We had a clear deck, so tangles were not a problem. Clear, the child is still attended.


----------



## scottyt

sorry for the high jack shawn.

as for the harness does anybody make a pfd for kids with a built in harness, or seen a strong lifting handle a tether could be attached to? doing a harness and a separate pfd seems like it could get annoying to all involved


----------



## T37Chef

I've also been hoping for Mustang or someone to manufacturer a inflatable PFD, with and without harness? The Mustang rep at the boat show last fall said its in the works...anyone heard any updates?


----------



## sailingdog

Might want to look at the Mustang series of PFDs. IIRC, CD likes them quite a bit...


scottyt said:


> sorry for the high jack shawn.
> 
> as for the harness does anybody make a pfd for kids with a built in harness, or seen a strong lifting handle a tether could be attached to? doing a harness and a separate pfd seems like it could get annoying to all involved


----------



## Dockhead

scottyt said:


> sorry for the high jack shawn.
> 
> as for the harness does anybody make a pfd for kids with a built in harness, or seen a strong lifting handle a tether could be attached to? doing a harness and a separate pfd seems like it could get annoying to all involved


Crewsaver "Seababy". That's what we use. I wouldn't have a life jacket on boardwithout an integral harness. In this case, the harness attaches to the back, so you can haul the tot back on board by main force if necessary.

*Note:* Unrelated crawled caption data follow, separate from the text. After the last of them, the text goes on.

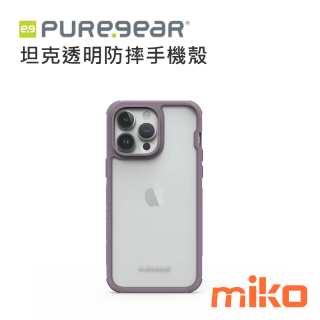 PureGear普格爾 iPhone 15 坦克透明防摔手機殼 - 奢華紫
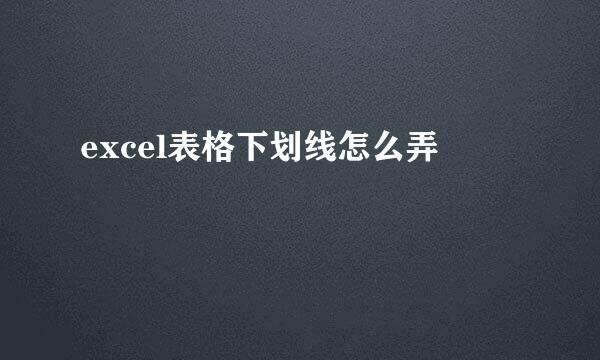 excel表格下划线怎么弄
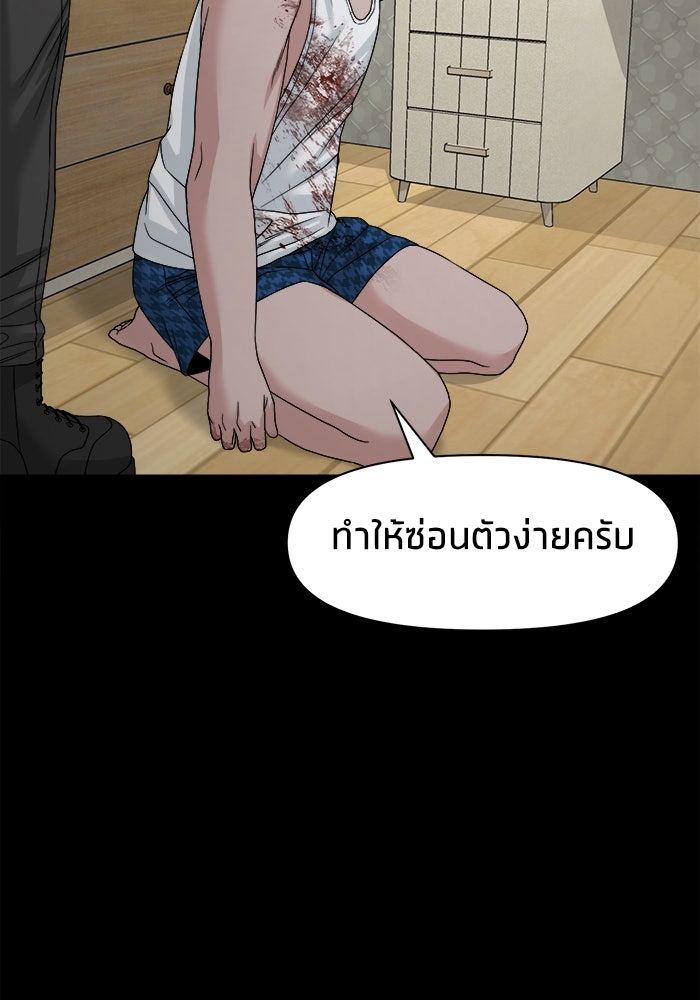 หมู่บ้านเร้นลับ - หน้า 138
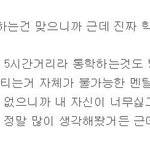 고3 첨으로 <b>엄마앞</b>에서 울면서 너무 힘들다고 말했어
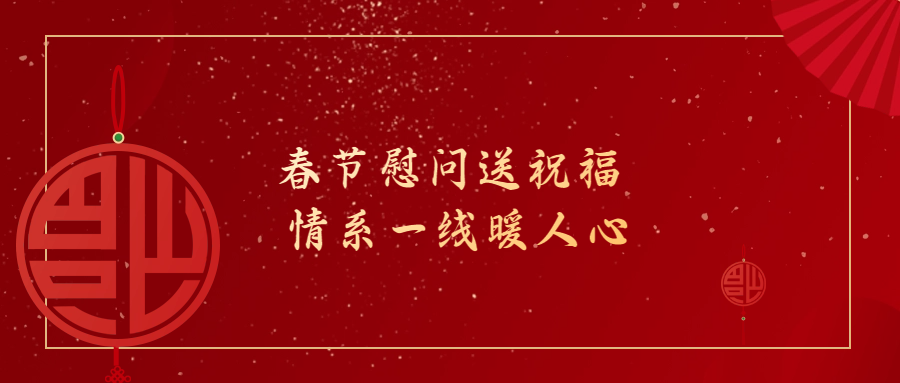 春節慰問送祝福 情系一線暖人心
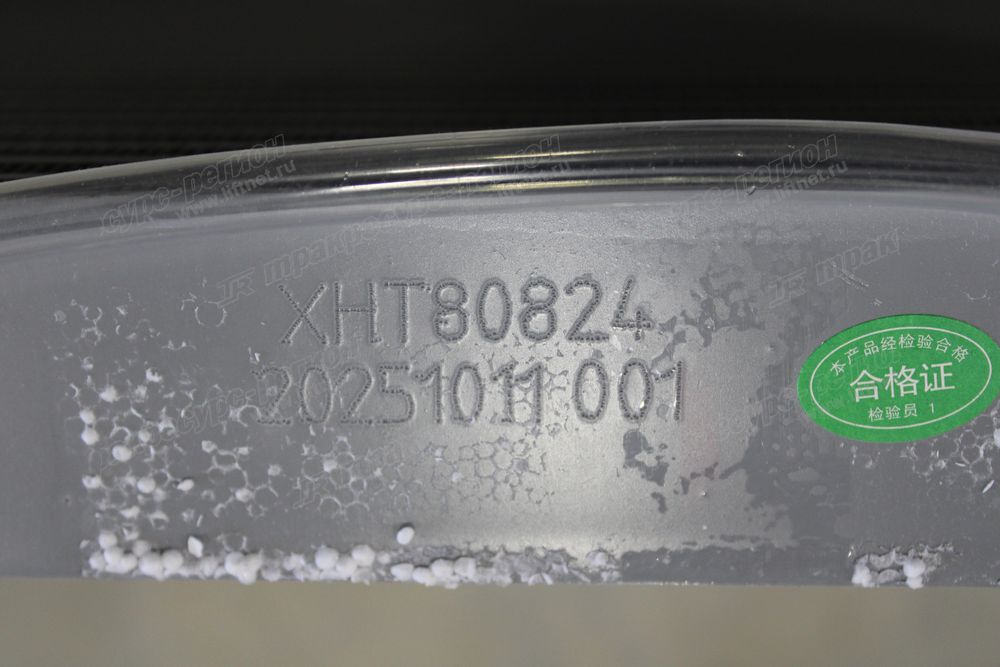 Радиатор HC CPCD50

Crewsaver 150N Seababy - 0-20kg buoyancy lifejacket - Only £79.95 - Force 4 Chandlery


----------



## T37Chef

Dockhead said:


> Crewsaver "Seababy". That's what we use. I wouldn't have a life jacket on boardwithout an integral harness. In this case, the harness attaches to the back, so you can haul the tot back on board by main force if necessary.
> 
> Crewsaver 150N Seababy - 0-20kg buoyancy lifejacket - Only £79.95 - Force 4 Chandlery


Good find DH, thanks, maybe this is a better way to go...


----------



## pdqaltair

*However, when the Chesapeake gets windless and 98F and the water is nearly as warm...*



T37Chef said:


> Good find DH, thanks, maybe this is a better way to go...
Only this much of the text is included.